Phase 14 Labs — Model Architectures (Adding a Model)
Three labs on the most common vLLM contribution: adding a model. The arc: honor the
contract — implement a new architecture and prove the engine never looks past one
method (lab-01), translate the checkpoint — HF names to fused vLLM params, with
the GQA slice arithmetic and the fusion-legality proof (lab-03), then trace the
real thing — five tensors through llama.py's load_weights, shapes reconciled
live (lab-02).
Recommended order: 01 → 03 → 02. CPU labs follow the standard contract —
starter.py (your work), solution.py (reference), test_lab.py (the spec); default
runs the solution, LAB_IMPL=starter grades yours.
# Whole phase (GPU tests auto-skip without CUDA):
pytest phase-14-model-architectures/labs -m "not gpu"
# Grade yourself on one lab:
LAB_IMPL=starter pytest phase-14-model-architectures/labs/lab-01-add-a-toy-architecture -q
Contents
- lab-01-add-a-toy-architecture
[CPU-OK] - lab-02-trace-weight-loading
[GPU-OPT] - lab-03-weight-mapping
[CPU-OK] - What you can do after this phase
Labs
lab-01-add-a-toy-architecture [CPU-OK]
Implement a genuinely new architecture (a bigram model that ignores positions)
against mini_vllm's one-method contract and serve it through the unchanged engine —
with the capstone tripwire test: a proxy that fails on any attribute access beyond
forward survives a full generate(), measuring the contract's width.
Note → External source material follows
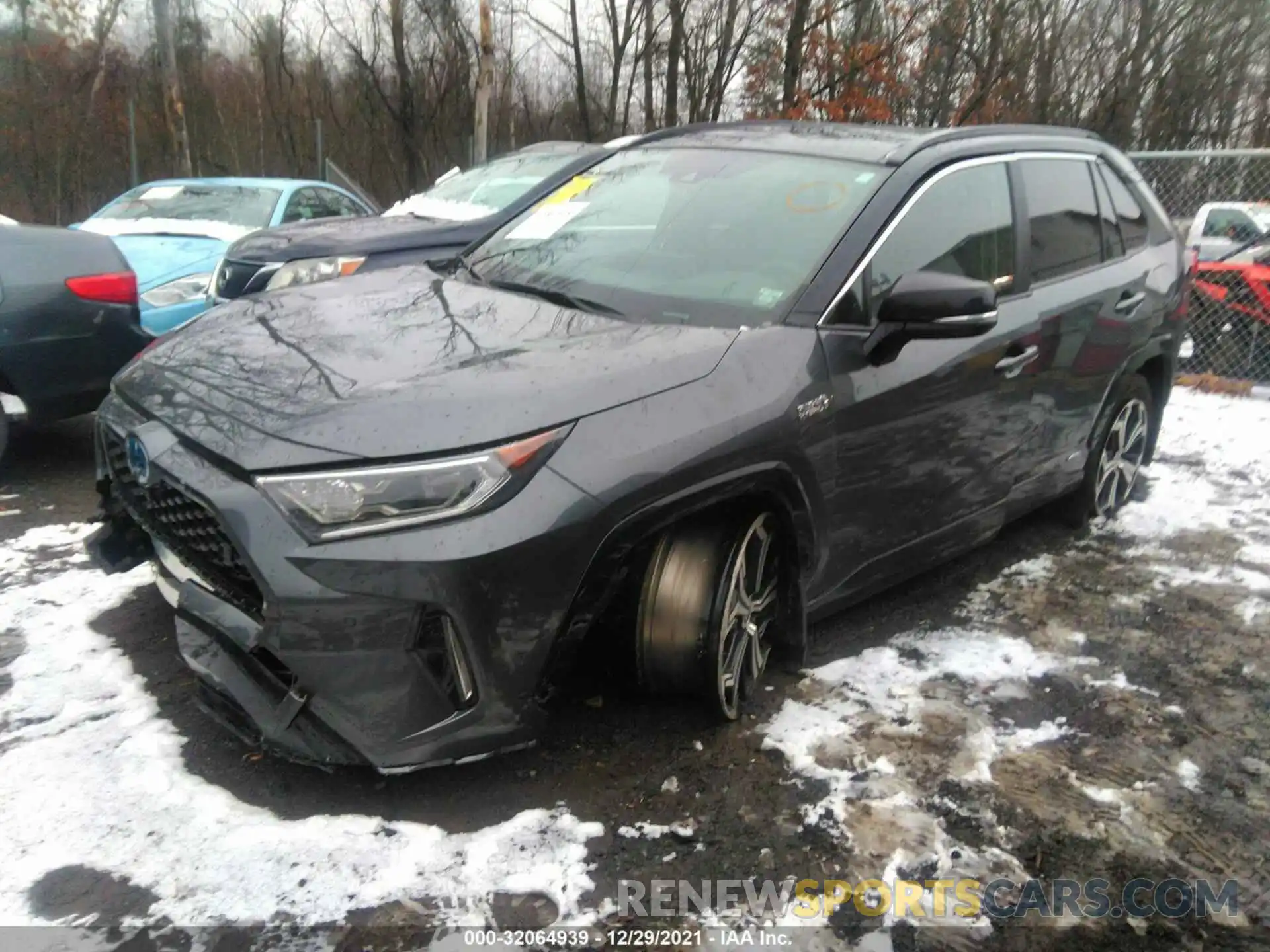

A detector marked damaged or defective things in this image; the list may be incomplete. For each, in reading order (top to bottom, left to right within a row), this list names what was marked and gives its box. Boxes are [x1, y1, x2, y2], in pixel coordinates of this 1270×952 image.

crumpled hood [99, 233, 231, 290]
crumpled hood [116, 262, 741, 472]
broken front grille [103, 431, 264, 619]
Plus the
deep one: Phase 3's chunked-prefill invariant verified for the new model — engine
invariants are model-independent. Skills: the narrow waist; over-supplying
contracts; tripwire proxies as executable architecture docs; the layer library as
where features meet models.
lab-02-trace-weight-loading [GPU-OPT]
Five tensors traced through the real load_weights: safetensors name → mapping row →
fused parameter → slice — with live shape verification ((6144, 4096) qkv = 32 q-heads
- 2×8 kv-heads, halving under TP=2) and checkpoint forensics from shapes alone.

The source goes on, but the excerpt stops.